Mapping using Salmon
Salmon is a tool for quantifying the expression of transcripts using RNA-seq data.
It is a quasi-mapper: it doesn’t produce the read alignments (and doesn’t output BAM/SAM files). Salmon “quasi-maps” reads to the transcriptome rather than to the genome.
Salmon can also make use of pre-computed alignments (in the form of a SAM/BAM file) instead of the FASTQ files.
Building the Salmon index
To make an index for Salmon, we need transcript sequences in the FASTA format.
This can be found easily in GENCODE.
The transcript sequences corresponding to chromosome 6 was prepared and already downloaded in ~/rnaseq_course/reference_genome/
Salmon does not need any decompression of the input, so we can index by using this command:
cd ~/rnaseq_course/mapping
# index and store the index files in index_salmon folder
$RUN salmon index -t ~/rnaseq_course/reference_genome/reference_chr6/gencode.v33.transcripts.chr6.fa.gz \
-i index_salmon \
--gencode
We add the parameter –gencode as our data come from Gencode version 33 and their header contains several identifiers separated by the character |. This parameter allows the program to parse the header and keep only the transcript identifier.
Quantifying transcript expression
To quantify reads with Salmon, we need to specify the type sequencing library, aka Fragment Library Types in Salmon, using three letters:
The first:
Symbol | Meaning | Reads |
---|---|---|
I | inward | -> … <- |
O | outward | <- … -> |
M | matching | -> … -> |
The second:
Symbol | Meaning |
---|---|
S | stranded |
U | unstranded |
The third:
Symbol | Meaning |
---|---|
F | read 1 (or single-end read) comes from the forward strand |
R | read 1 (or single-end read) comes from the reverse strand |
From the STAR output for read counts we already know that for the analyzed experiment the U (Unstranded) library was used.

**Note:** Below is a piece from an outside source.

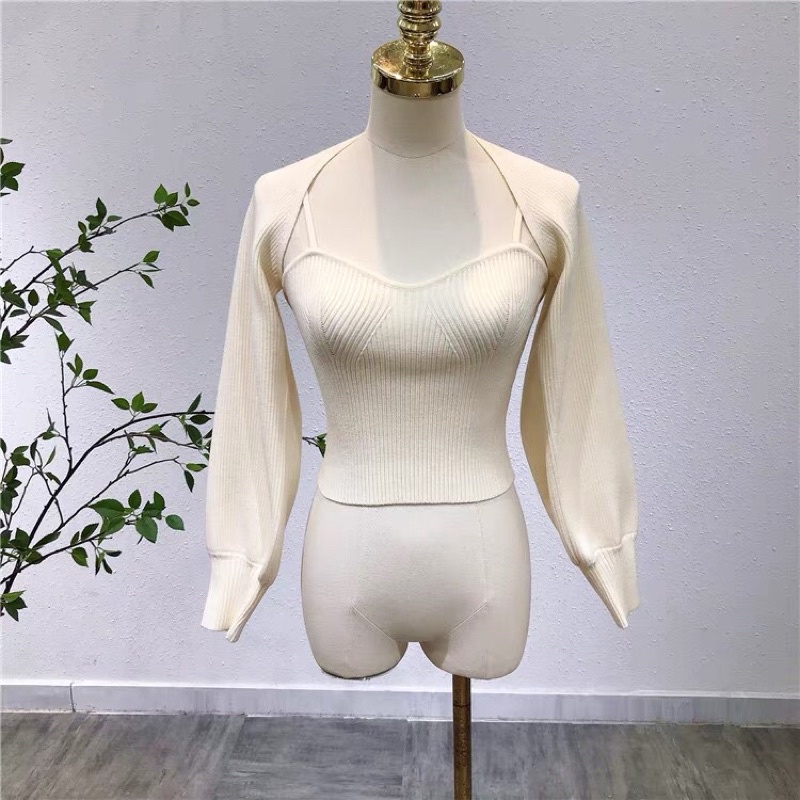 Set cardigan và áo dây cúp ngực len dày cao cấp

If the library was paired-end and sequenced with a stranded reverse library, we would set the parameter to ISR.
If we want to assign the reads to the genes (option -g) in addition to transcripts we have to provide a GTF file corresponding to the transcript version which was used to build the Salmon index.
We have it already for chromosome 6, in ~/rnaseq_course/reference_genome/
We can proceed with the mapping.
cd ~/rnaseq_course/mapping
# create folder for salmon's output files
mkdir alignments_salmon
$RUN salmon quant -i index_salmon -l U \
-r ~/rnaseq_course/raw_data/fastq_chr6/SRR3091420_1_chr6.fastq.gz \
-o alignments_salmon/SRR3091420_1_chr6_salmon \
-g ~/rnaseq_course/reference_genome/reference_chr6/gencode.v33.annotation_chr6.gtf.gz \
--seqBias \
--validateMappings
We can check the results inside the folder “alignments”.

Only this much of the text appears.